We cannot use the Limit Laws directly since \(\lim_{x\rightarrow 2} (x-2)=0\). Now, if \(x\neq 2\) then \(\frac{x^2-4}{x-2}=x+2\). Hence, the functions \(f(x)=\frac{x^2-4}{x-2}\) and \(g(x)=x+2\) agree at every point in \(\real\backslash\hspace{-0.3em}\{0\}\). It is clear that \(\lim_{x\rightarrow 2} g(x)= 4\). Let \(\eps \gt 0\) and let \(\delta \gt 0\) be such that if \(0 \lt |x-2| \lt \delta\) then \(|g(x)-4| \lt \eps\). Then for \(0 \lt |x-2| \lt \delta\) we have that \(|f(x)-4|=|g(x)-4| \lt \eps\). Hence \(\lim_{x\rightarrow 2}f(x) = 4\).

We prove the contrapositive. Suppose that \(L \lt 0\). Let \(\eps \gt 0\) be such that \(L+\eps \lt 0\). There exists \(\delta \gt 0\) such that if \(0 \lt |x-c| \lt \delta\) then \(f(x) \lt L+\eps \lt 0\). Hence, \(f(x) \lt 0\) for some \(x\in A\). An alternative proof: If \(f\) converges to \(L\) at \(c\) then for any sequence \((x_n)\) converging to \(c\), \(x_n\neq 0\), we have that \(f(x_n)\rightarrow L\). Now \(f(x_n)\geq 0\) and therefore \(L\geq 0\) from our results on limits of sequences.

We have that \(0\leq f(x)-M_1\) and therefore by Theorem 4.2.8 we have that \(0\leq L-M_1\). Similarly, from \(0\leq M_2 -f(x)\) we deduce that \(0\leq M_2 - L\). From this we conclude that \(M_1\leq L\leq M_2\). An alternative proof: Since \(f\rightarrow L\) at \(c\), for any sequence \((x_n)\rightarrow c\) with \(x_n\neq 0\), we have that \(f(x_n)\rightarrow L\). Clearly, \(M_1\leq f(x_n)\leq M_2\) and therefore \(M_1\leq L\leq M_2\).

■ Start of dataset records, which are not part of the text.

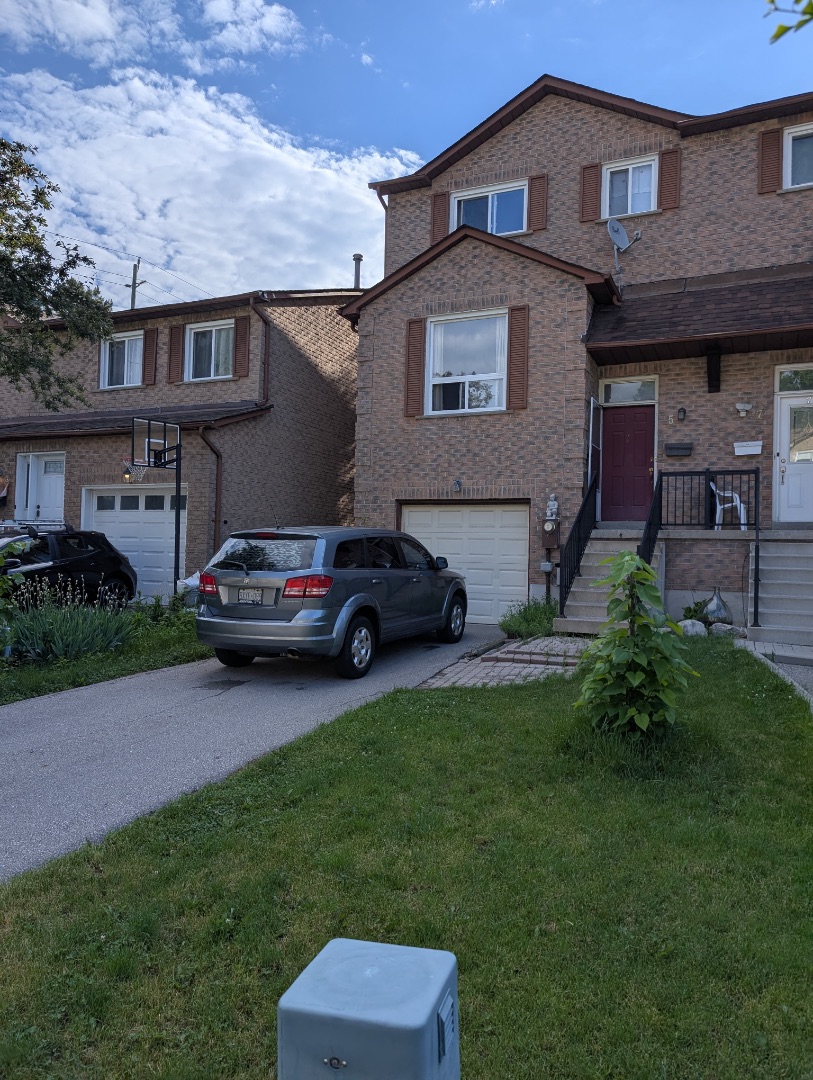 1-5 Cottonwood Ct, Markham: for lease by owner on MLS®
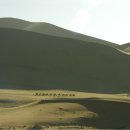 2000년을 지켜온 중국 사막의 월아천 이미지
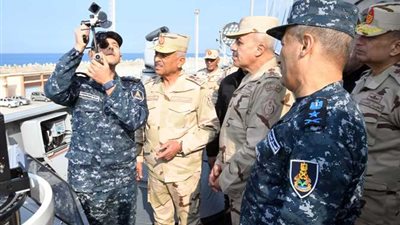 وزير الدفاع يتفقد قاعدة الإسكندرية البحرية ويلتقى بعدد من المقاتلين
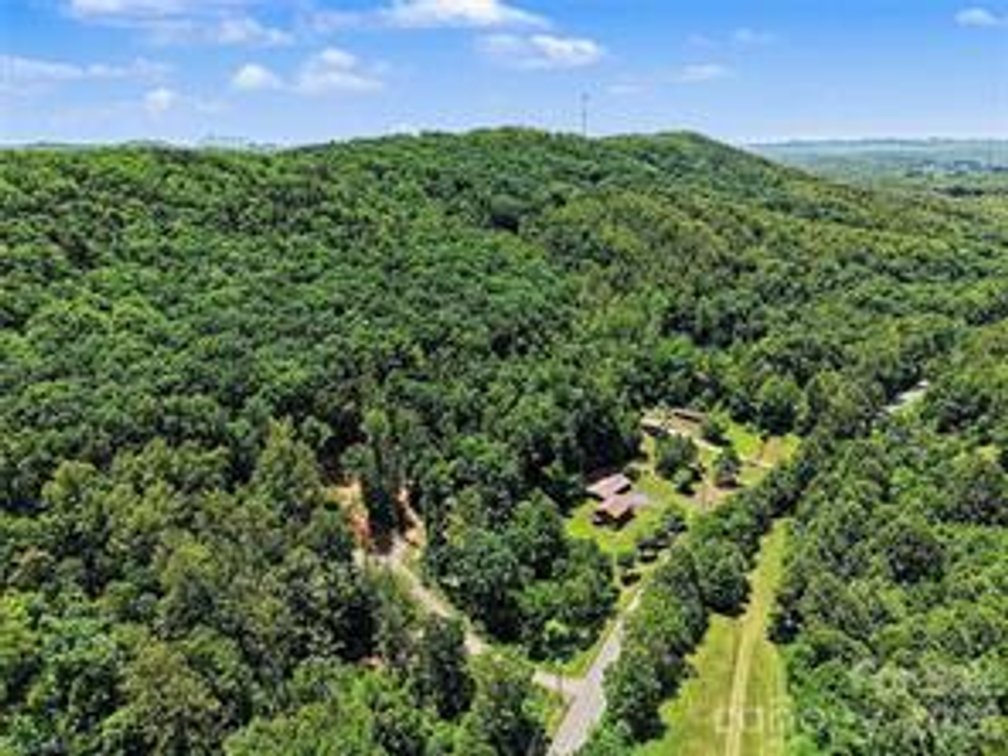 Image for Home For Sale in Mount Airy - 2828 E Pine Street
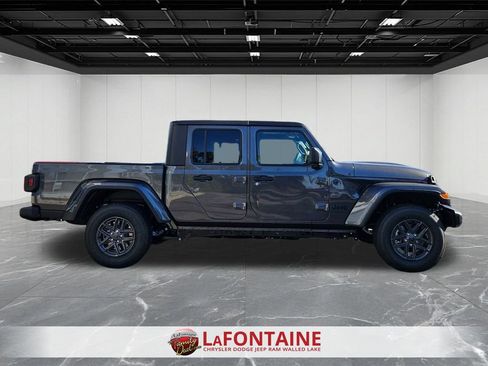New 2025 Jeep Gladiator Sport image 6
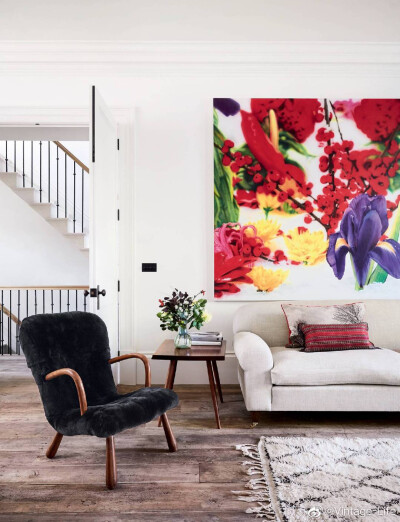 西伦敦别墅，引人注目的艺术品和古典家具为室内带来了特色。同时房子需要舒适感，建立温暖的生活氛围，软化建筑。
by Alex Michaelis ​​​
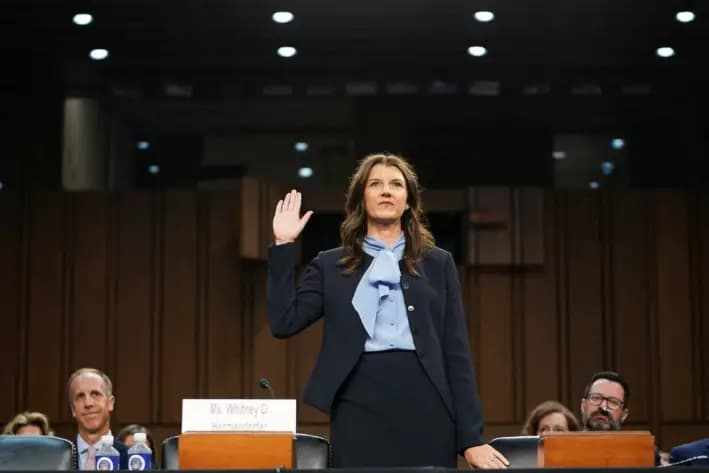 Whitney D. Hermandorfer comparece ante el Comité Judicial del Senado, en Washington, el 4 de junio de 2025. (Nathan Howard/Reuters)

Let \((x_n)\) be a sequence in \(A\) converging to \(c\), \(x_n\neq c\). Then \(L=\lim g(x_n) = \lim h(x_n)\). Clearly \(g(x_n)\leq f(x_n)\leq h(x_n)\), and therefore by the Squeeze Theorem for sequences we have that \(\lim f(x_n)=L\). This holds for every such sequence and therefore \(f\rightarrow L\) at \(c\).

Choose \(\eps \gt 0\) so that \(L-\eps \gt 0\), take for example \(\eps=L/2\). Then there exists \(\delta \gt 0\) such that \(L-\eps \lt f(x) \lt L+\eps\) for all \(x\in (c-\delta, c+\delta)\), \(x\neq c\).